El fanatismo es opuesto al radicalismo. El radical es crítico y no se permite prejuicios ni sectarismos de ninguna clase. La radicalidad solo viene después del juicio. El radical lo es porque lleva el pensamiento hasta las últimas consecuencias, desde la raíz hasta el extremo, como dice su etimología. Se dispone a la muerte en el nombre de las ideas, pero no se jacta de tal disposición. Se aparta de todo sectarismo porque advierte pronto el peligro: una cosa es perecer por las ideas, otra distinta es el aturdimiento en la masa que es la propia muerte en vida.

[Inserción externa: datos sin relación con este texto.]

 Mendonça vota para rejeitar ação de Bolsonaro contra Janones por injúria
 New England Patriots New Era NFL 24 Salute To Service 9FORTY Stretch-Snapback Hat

El radical vive atento de sus propias prácticas y no confía en las primeras impresiones. Jamás actúa orientado por su intuición y no toma como punto de partida el sentido común. Considera, paciente, cada una de las aristas de los problemas y los encara con creatividad (el fanático actúa llevado por el ímpetu porque es gobernado por las emociones). El radical se aparta de todo binarismo porque se ha acostumbrado a los matices del mundo.

No toda crítica, sin embargo, precisa radicalismo. Aunque su naturaleza sea de disección, de profundo examen, de escrutinio implacable, la crítica es, antes que nada, juicio exhibido. Y el juicio lo es sin adjetivos. No es juicio radical, como no es juicio crítico. Moneda corriente de nuestros días es el pensamiento crítico y tal enunciado es pura tautología. Si bien hay cierta sofisticación en la crítica, ya lo afirmé, no es concebible el pensamiento sin aquella; el pensamiento, para serlo, ha de irse refinando. De otro modo, es llano. El plano pensamiento se va extinguiendo a sí mismo hasta desaparecer. El pensamiento que no se sofistica es proclive al sectarismo y, por lo tanto, a caer presa de cualquier tipo de fanatismo. El fanatismo es ausencia de pensamiento, como es conformidad en exceso.

Ahora, la crítica necesita ejercitación. Es ascesis. La crítica deriva del trabajo sobre sí mismo y en eso se parece a las más exigentes prácticas monacales. Como es ascenso, tensión vertical, la crítica supone modos de elevación del espíritu; es, al modo antiguo de la filosofía, un ejercicio espiritual. Se hace crítica para vivir mejor. La crítica es contraria al fanatismo que es plano: el fanático se auto-condena y aniquila su posibilidad de ser más. La precariedad es el signo de los sectarismos cuya cohesión es pobre también. El sectario se mofa de su gregarismo, pero desconoce los criterios de la lealtad. Claro, no hay criterio ninguno en el sectario porque está desprovisto de crítica. El criterio es un tamiz por cuyos orificios diminutos no cabe lo insensato.

La crítica apela a los sentidos profundos de la comunidad. La comunidad es distinta de los sectarismos y no los admite. Toda forma política hoy es sectaria y no comunitaria. La política ha perdido toda su capacidad crítica y está hecha a la medida de los fanáticos.